**What to work on**
Range to reproduce from the entries below: the line with "狼人杀白狼王什么手势[图1]", the line with "Ludlam Bay tide", and every line in between. Give them exactly and give nothing else.

::: Raw data

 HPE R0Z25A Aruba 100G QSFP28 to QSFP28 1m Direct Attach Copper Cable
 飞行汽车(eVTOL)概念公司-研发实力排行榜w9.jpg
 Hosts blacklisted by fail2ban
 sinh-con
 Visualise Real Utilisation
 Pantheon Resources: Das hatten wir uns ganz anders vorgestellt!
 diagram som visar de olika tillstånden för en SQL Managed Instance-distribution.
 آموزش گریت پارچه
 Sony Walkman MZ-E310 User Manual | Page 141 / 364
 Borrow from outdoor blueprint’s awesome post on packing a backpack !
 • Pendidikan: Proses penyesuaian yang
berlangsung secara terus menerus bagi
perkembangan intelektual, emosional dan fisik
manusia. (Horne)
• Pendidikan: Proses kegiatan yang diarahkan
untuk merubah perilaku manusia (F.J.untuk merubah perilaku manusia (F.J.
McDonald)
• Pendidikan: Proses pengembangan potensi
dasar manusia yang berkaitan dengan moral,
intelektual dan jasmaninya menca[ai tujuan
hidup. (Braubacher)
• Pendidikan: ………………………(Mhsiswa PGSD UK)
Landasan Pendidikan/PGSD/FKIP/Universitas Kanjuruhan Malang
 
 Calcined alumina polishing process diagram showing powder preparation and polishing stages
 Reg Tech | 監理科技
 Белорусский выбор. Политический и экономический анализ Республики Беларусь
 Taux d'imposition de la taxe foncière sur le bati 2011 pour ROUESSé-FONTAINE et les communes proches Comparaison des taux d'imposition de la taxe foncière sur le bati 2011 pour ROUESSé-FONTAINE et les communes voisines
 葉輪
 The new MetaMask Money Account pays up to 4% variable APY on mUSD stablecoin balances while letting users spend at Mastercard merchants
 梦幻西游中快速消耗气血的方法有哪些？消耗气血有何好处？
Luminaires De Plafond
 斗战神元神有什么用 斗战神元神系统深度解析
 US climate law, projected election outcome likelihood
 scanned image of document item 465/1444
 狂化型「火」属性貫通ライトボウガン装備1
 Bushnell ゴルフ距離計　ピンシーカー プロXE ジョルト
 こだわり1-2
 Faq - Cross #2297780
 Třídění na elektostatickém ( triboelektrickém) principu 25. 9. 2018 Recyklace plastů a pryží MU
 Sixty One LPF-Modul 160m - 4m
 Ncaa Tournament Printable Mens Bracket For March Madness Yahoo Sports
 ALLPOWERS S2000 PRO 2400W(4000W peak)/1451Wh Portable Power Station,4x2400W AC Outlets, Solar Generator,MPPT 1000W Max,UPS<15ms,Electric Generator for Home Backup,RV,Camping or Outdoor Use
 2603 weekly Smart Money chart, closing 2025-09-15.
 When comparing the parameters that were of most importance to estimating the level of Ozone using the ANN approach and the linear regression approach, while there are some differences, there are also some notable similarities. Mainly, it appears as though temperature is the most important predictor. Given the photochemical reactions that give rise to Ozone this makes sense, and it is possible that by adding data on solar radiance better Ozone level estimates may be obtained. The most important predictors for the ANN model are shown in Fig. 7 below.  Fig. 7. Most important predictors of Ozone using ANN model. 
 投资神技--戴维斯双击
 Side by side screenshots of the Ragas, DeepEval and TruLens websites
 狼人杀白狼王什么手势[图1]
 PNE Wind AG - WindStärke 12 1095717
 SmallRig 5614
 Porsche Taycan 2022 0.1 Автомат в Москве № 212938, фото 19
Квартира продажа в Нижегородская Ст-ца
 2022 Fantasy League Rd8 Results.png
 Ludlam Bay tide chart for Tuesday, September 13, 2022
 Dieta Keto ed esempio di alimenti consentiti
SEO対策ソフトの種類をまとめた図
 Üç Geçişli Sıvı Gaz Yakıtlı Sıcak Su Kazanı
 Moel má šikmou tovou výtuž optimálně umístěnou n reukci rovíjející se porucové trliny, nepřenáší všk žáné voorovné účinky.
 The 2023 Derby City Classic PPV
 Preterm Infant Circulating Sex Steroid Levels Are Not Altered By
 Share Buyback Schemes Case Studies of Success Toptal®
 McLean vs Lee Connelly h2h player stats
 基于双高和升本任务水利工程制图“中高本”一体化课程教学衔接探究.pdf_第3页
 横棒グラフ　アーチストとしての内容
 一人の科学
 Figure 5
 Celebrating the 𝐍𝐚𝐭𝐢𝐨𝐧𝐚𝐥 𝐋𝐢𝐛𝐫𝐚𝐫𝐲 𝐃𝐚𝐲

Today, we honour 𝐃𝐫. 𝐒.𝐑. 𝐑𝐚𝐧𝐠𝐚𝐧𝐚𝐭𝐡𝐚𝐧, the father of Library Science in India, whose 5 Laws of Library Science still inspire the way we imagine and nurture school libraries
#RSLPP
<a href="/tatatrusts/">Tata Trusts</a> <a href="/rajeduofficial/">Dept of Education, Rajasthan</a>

::::::

**Answer to the exercise**
 狼人杀白狼王什么手势[图1]
 PNE Wind AG - WindStärke 12 1095717
 SmallRig 5614
 Porsche Taycan 2022 0.1 Автомат в Москве № 212938, фото 19
Квартира продажа в Нижегородская Ст-ца
 2022 Fantasy League Rd8 Results.png
 Ludlam Bay tide chart for Tuesday, September 13, 2022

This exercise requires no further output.